Marluce
de Oliveira
Começou com a eleição de Ronald Reagan. Os mais
ricos passaram a pagar menos impostos, a economia foi desregulada e o setor financeiro
tornou-se central. A memória da Segunda Guerra Mundial, e da solidariedade que
engendrou, foi desaparecendo.
O rápido crescimento com avanço da indústria e
ascensão das classes médias ficou para trás. O fim da União Soviética,
eliminando a competição ideológica, frustrou planos de inclusão para a maioria
da população.
O bem-estar das corporações foi engordando ao mesmo
tempo que encolhiam os projetos de ajuda aos mais pobres. Um norte-americano
típico ganha hoje menos do que ganhava há 45 anos –feitas todas as correções.
Uma em cada quatro crianças vive na pobreza (na Grécia é uma em seis).
O 1% mais rico abocanha um quarto da renda e 40% da
riqueza dos EUA. Há 25 anos, essas percentagens eram de 12% e 33%
respectivamente. Políticos e parlamentares fazem dessa superelite e atuam em
função dela.
Essa crescente desigualdade destrói o mito dos EUA
como a terra de oportunidades, sabota a eficiência da economia e,
principalmente, abala os pilares da democracia. O lema de “um homem um voto”

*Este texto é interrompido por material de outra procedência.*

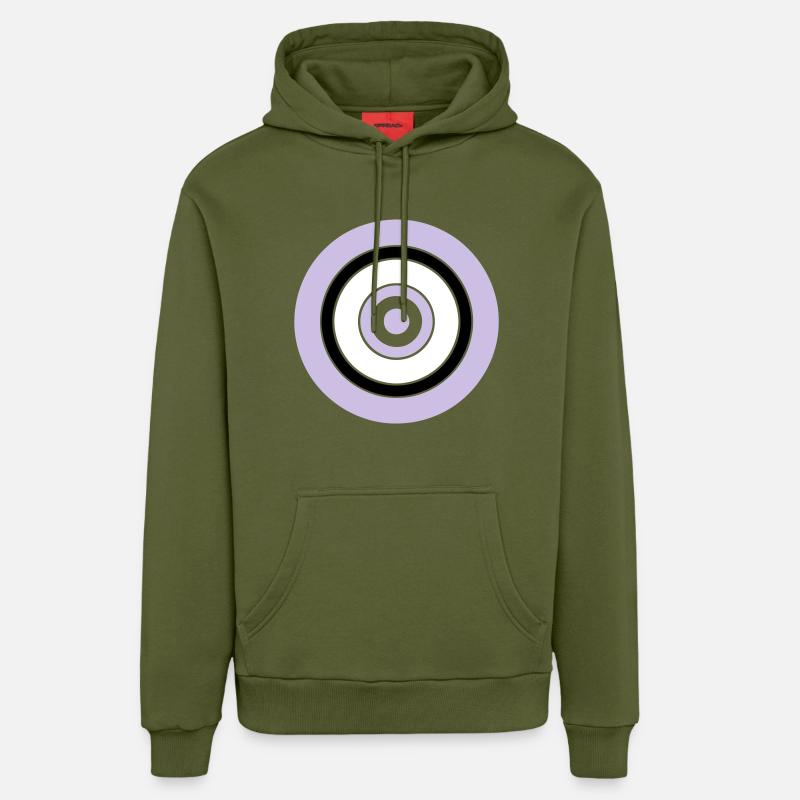 Cercles - Sweat à capuche bio décontracté fabriqué en UE - MOSS GREEN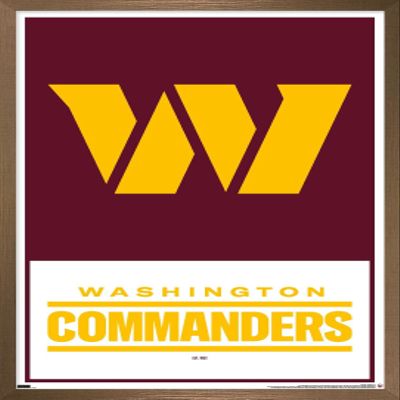 Trends International NFL Washington Commanders - Logo 22 Wall Poster, 22.375" x 34", Bronze Framed Version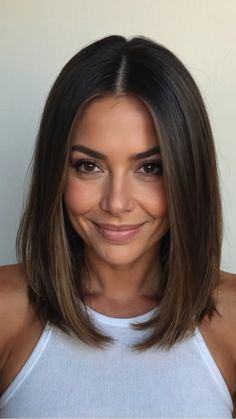 Chic and Cute: 15 Must-Try Oval Face Hairstyles for 2024 38 Short Hairstyles Oval Face Shape, 2024 Hair Trends For Women Straight, Busy Mom Haircut, Mom Bob Haircut Round Face, Long Bob 2024 Trends, Long Bob Thick Hair Round Face, Long Bob Haircut 2024 Trends, Oval Face Bob Haircut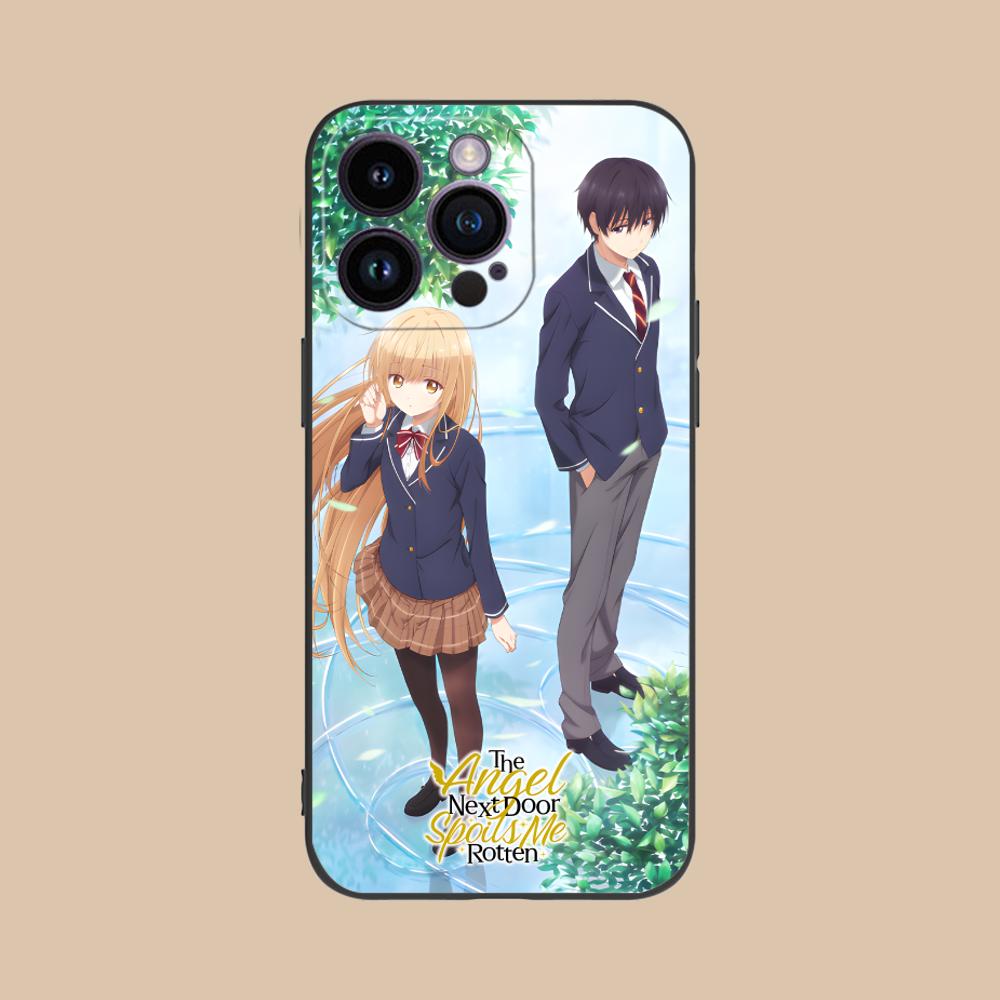 

Angel Mahiru Shina Anime Phone Case for iPhone 16 15 14 13 12 11 X XR XS 8 7 Pro Max Plus Mini Colored Cellphones Pretty Cover iPhone 7 Plus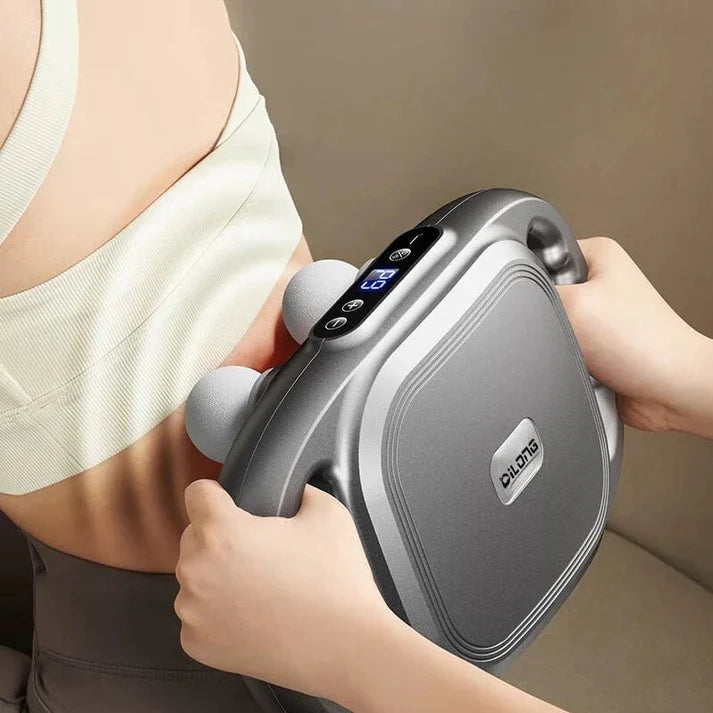 Electric Massage Gun with Multiple Heads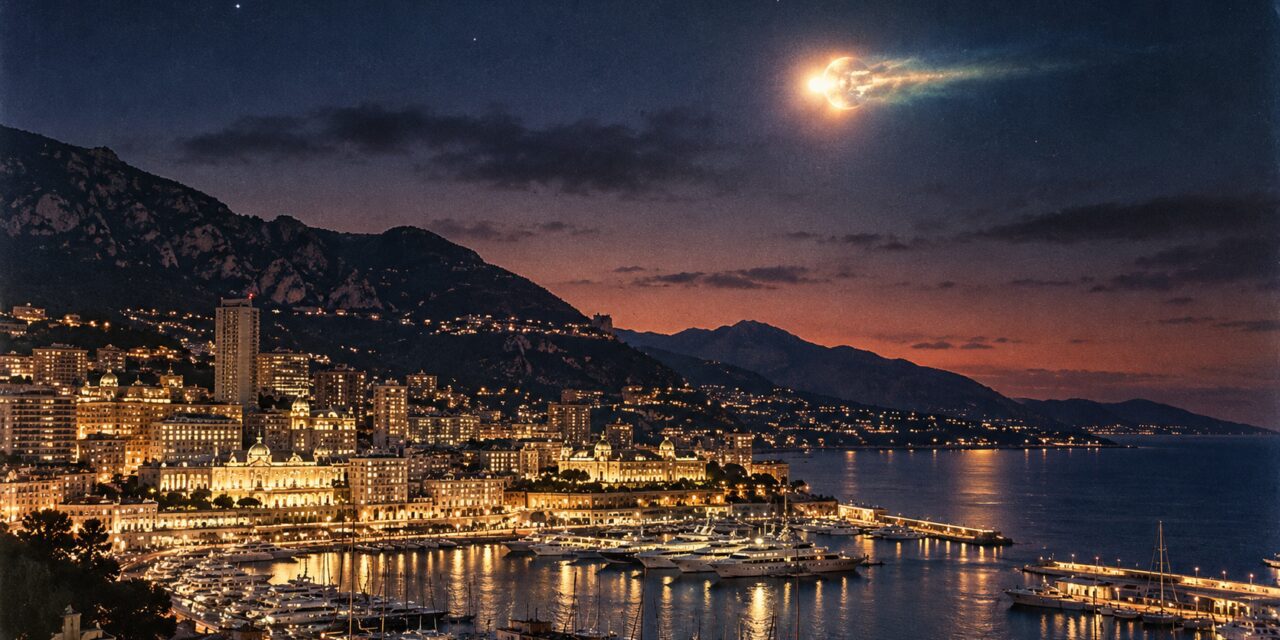 UFO spotted over Monaco!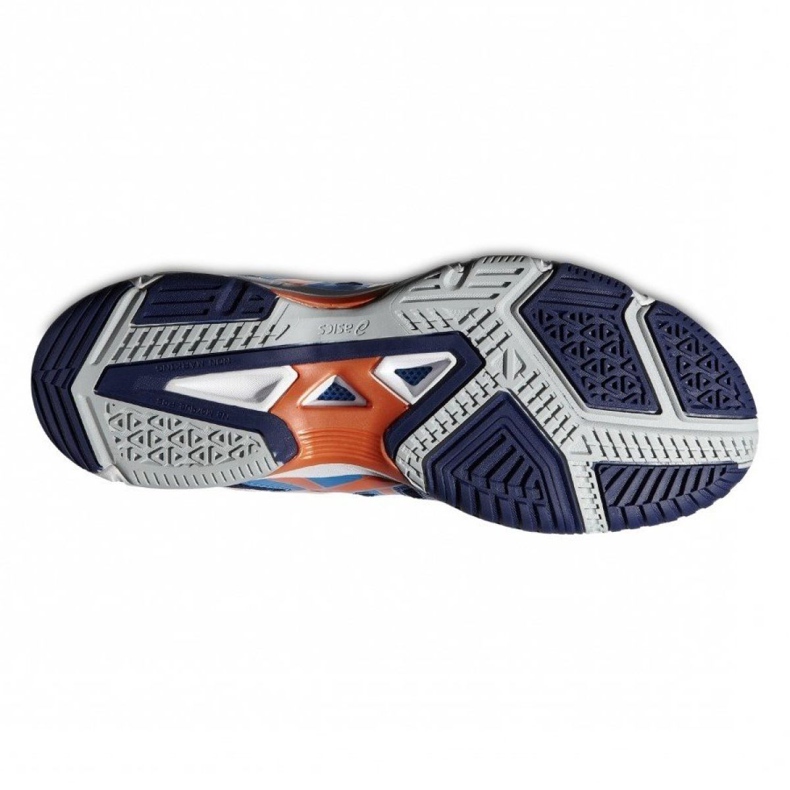 Scarpe da pallavolo Asics Gel-Beyond 4 Mt B403N-4130 viola, blu, arancione, grigio/argento blu 1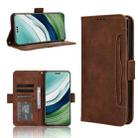 For Huawei Mate 60 5G Skin Feel Calf Texture Card Slots Leather Phone Case(Brown) - 1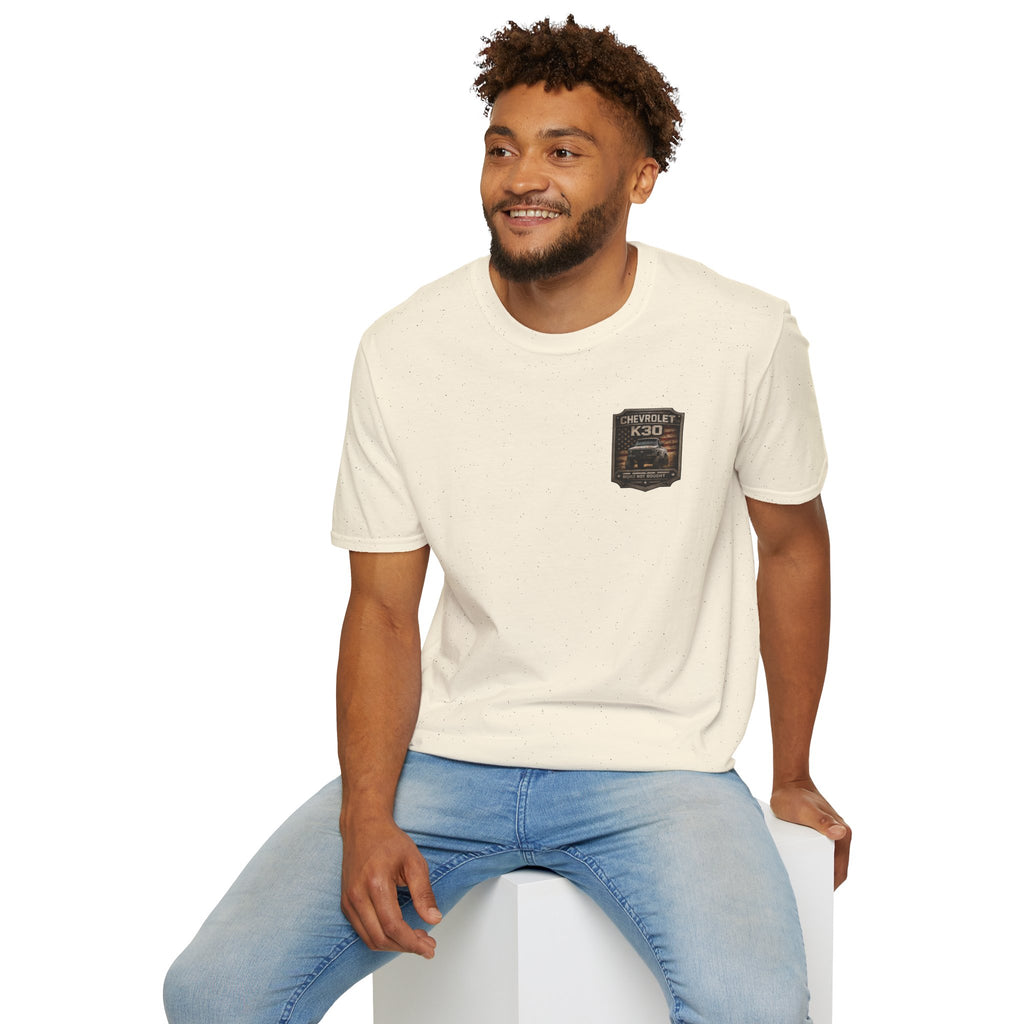 Square Body Soul - Chevrolet K30 Vintage Truck Pocket T‑Shirt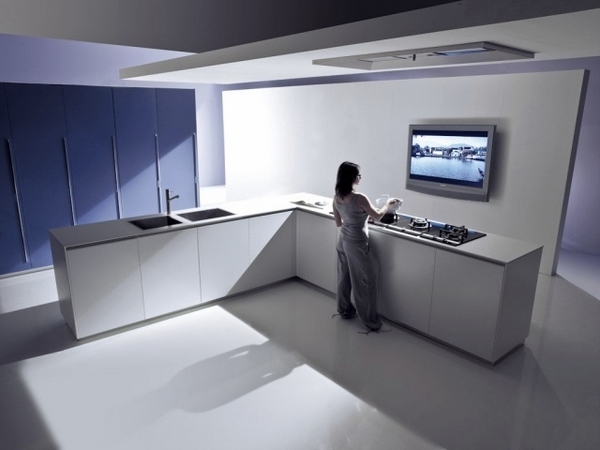 modern designer kitchen EFFETI LEVOLUZIONE matt white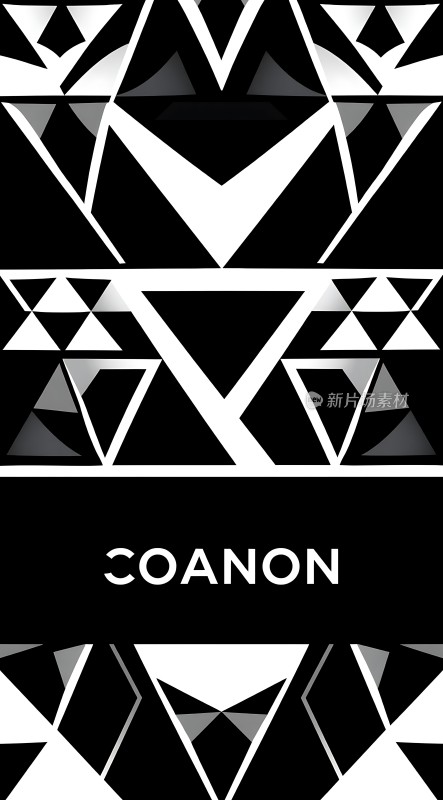 黑白几何艺术图案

está sendo convertido em “um dólar um voto”.
É com esse pano de fundo que o prêmio Nobel de
economia Joseph Stiglitz desenvolve “The Great Divide” [a grande divisão], obra
que disseca os movimentos que levaram a rupturas e desagregações na sociedade
norte-americana nas últimas décadas.
Seu ponto central: a desigualdade galopante é fruto
de políticas deliberadas e poderia ter sido evitada. Stiglitz ressalta que o
fosso social fabricado nos Estados Unidos –e replicado pelo mundo– impede uma
recuperação mais robusta da economia, reforçando iniquidades e mais
concentração de riqueza.
Com uma linguagem contundente e didática, o autor
extrapola em muito o estrito mundo econômico. Sua reflexão passa pelo
comportamento da elite, cada vez mais divorciada das necessidades da população.
Alienada das condições sociais gerais, da saúde, da
educação, da segurança e da infraestrutura, essa fração dos super-ricos vive
numa bolha, não liga para o que acontece com a maioria e gera efeitos perversos
para o país. Nas palavras do Nobel:
“De todos os custos impostos pelo 1% para a nossa
sociedade talvez o maior seja a erosão de nosso senso de identidade, no qual o
jogo justo, a igualdade de oportunidade e o senso de comunidade são tão
importantes”.
Stiglitz, 72, lembra que Alexis de Tocqueville (1805-1859)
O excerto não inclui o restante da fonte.